Required work ▸ Leave out all pictures and retype exactly the lines from the one with "Candid Monochrome image" through the last line of the material.

[[ Listed entries, beginning ]]

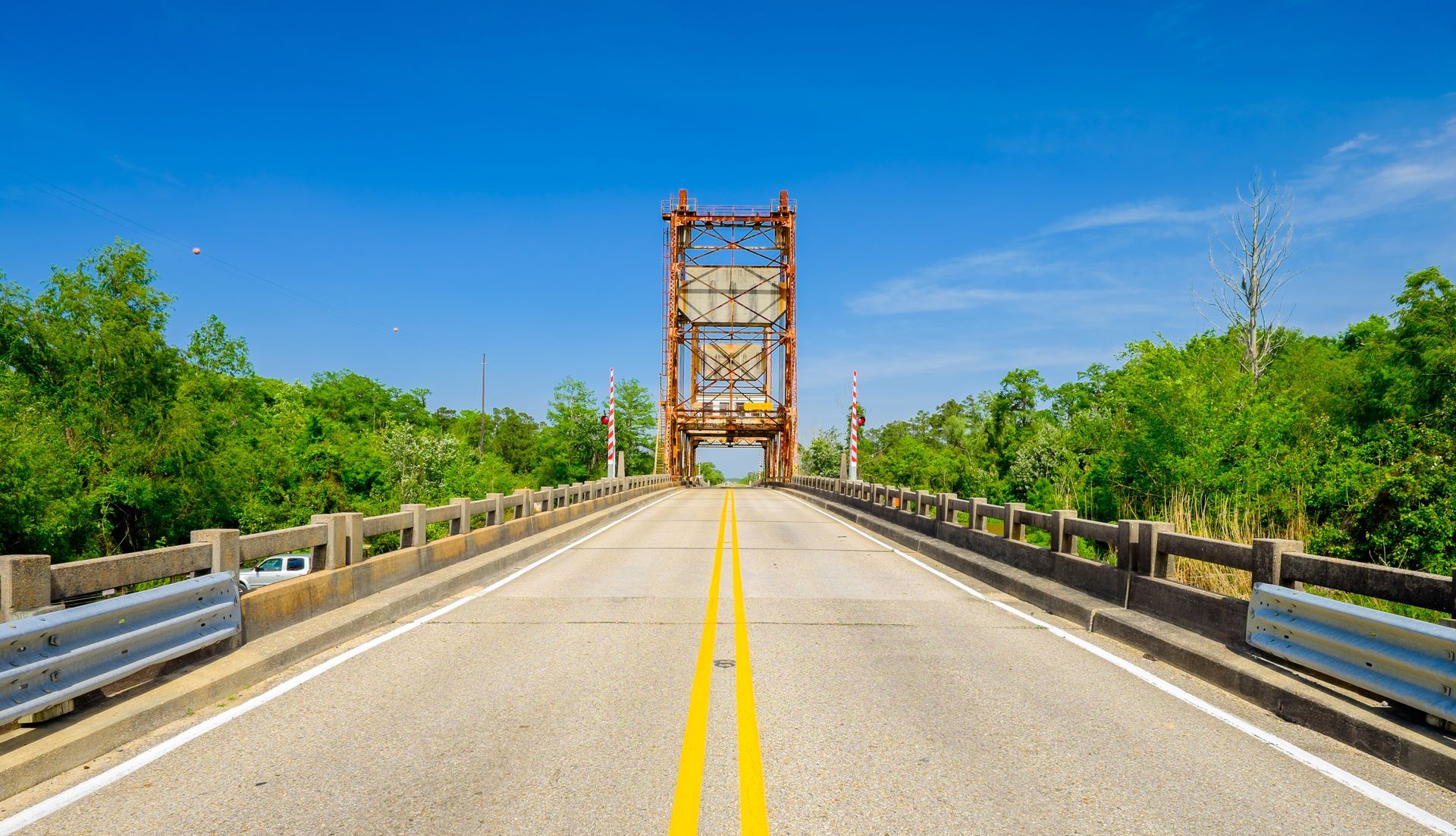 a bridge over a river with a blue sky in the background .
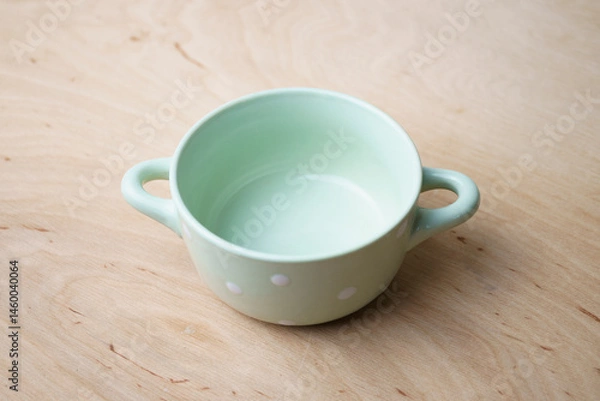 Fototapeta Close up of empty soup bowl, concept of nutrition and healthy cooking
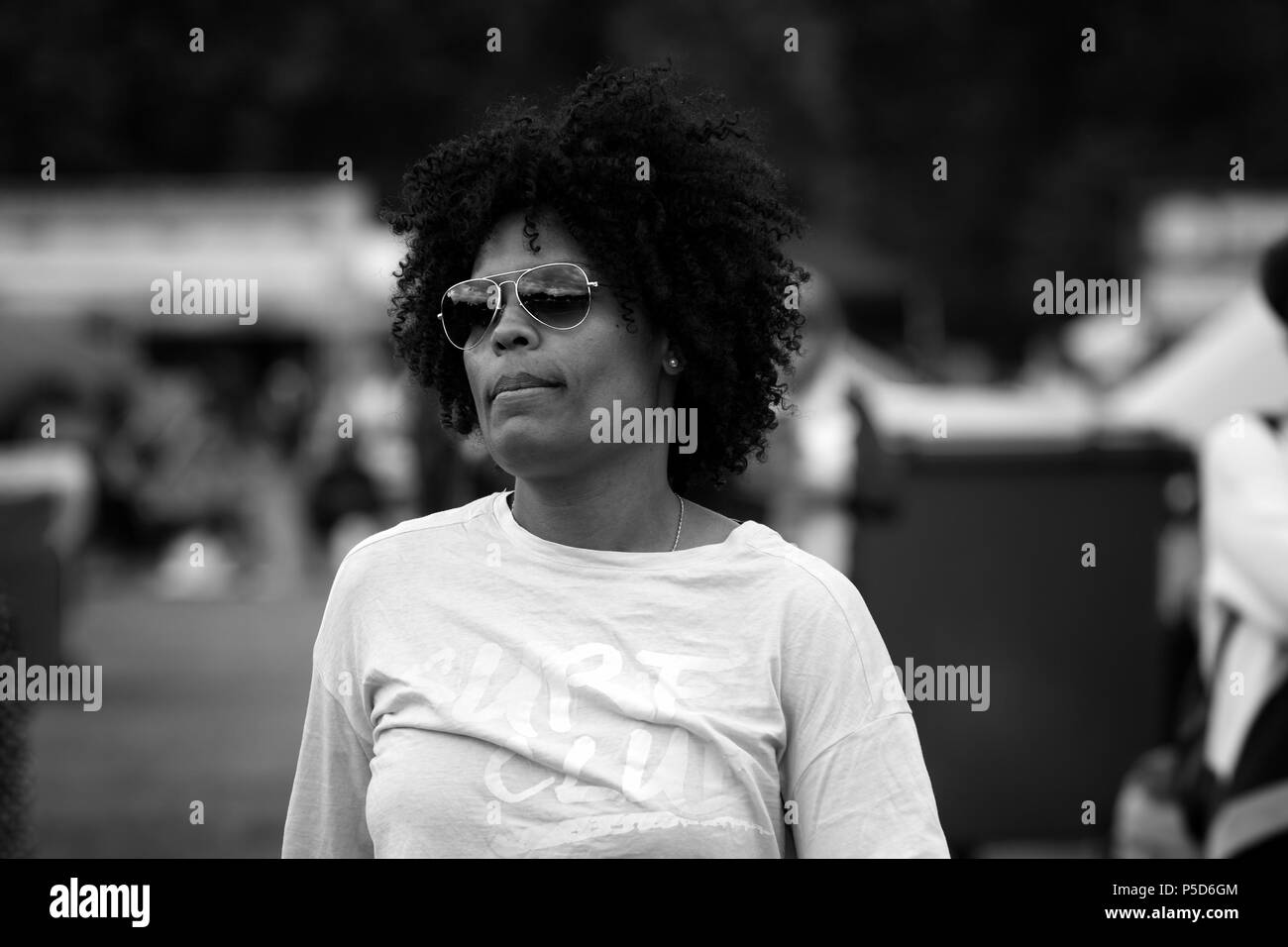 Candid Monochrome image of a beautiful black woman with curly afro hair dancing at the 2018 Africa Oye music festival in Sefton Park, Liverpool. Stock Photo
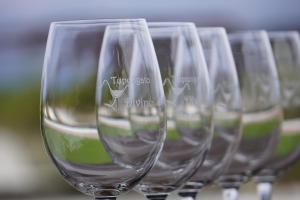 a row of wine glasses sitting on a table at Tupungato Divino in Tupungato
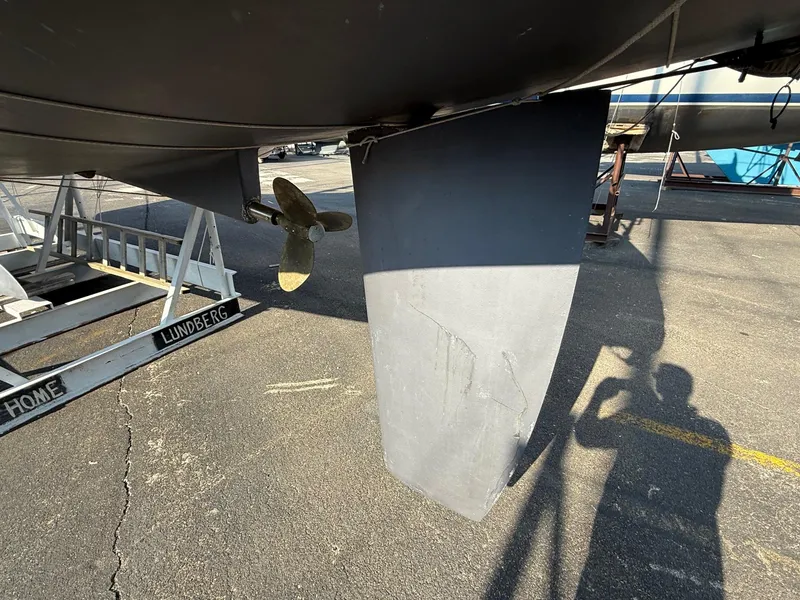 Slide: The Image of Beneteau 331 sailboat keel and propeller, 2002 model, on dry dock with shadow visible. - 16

[[ Listed entries, end ]]

Final answer ▸
 Candid Monochrome image of a beautiful black woman with curly afro hair dancing at the 2018 Africa Oye music festival in Sefton Park, Liverpool. Stock Photo
 a row of wine glasses sitting on a table at Tupungato Divino in Tupungato
 Slide: The Image of Beneteau 331 sailboat keel and propeller, 2002 model, on dry dock with shadow visible. - 16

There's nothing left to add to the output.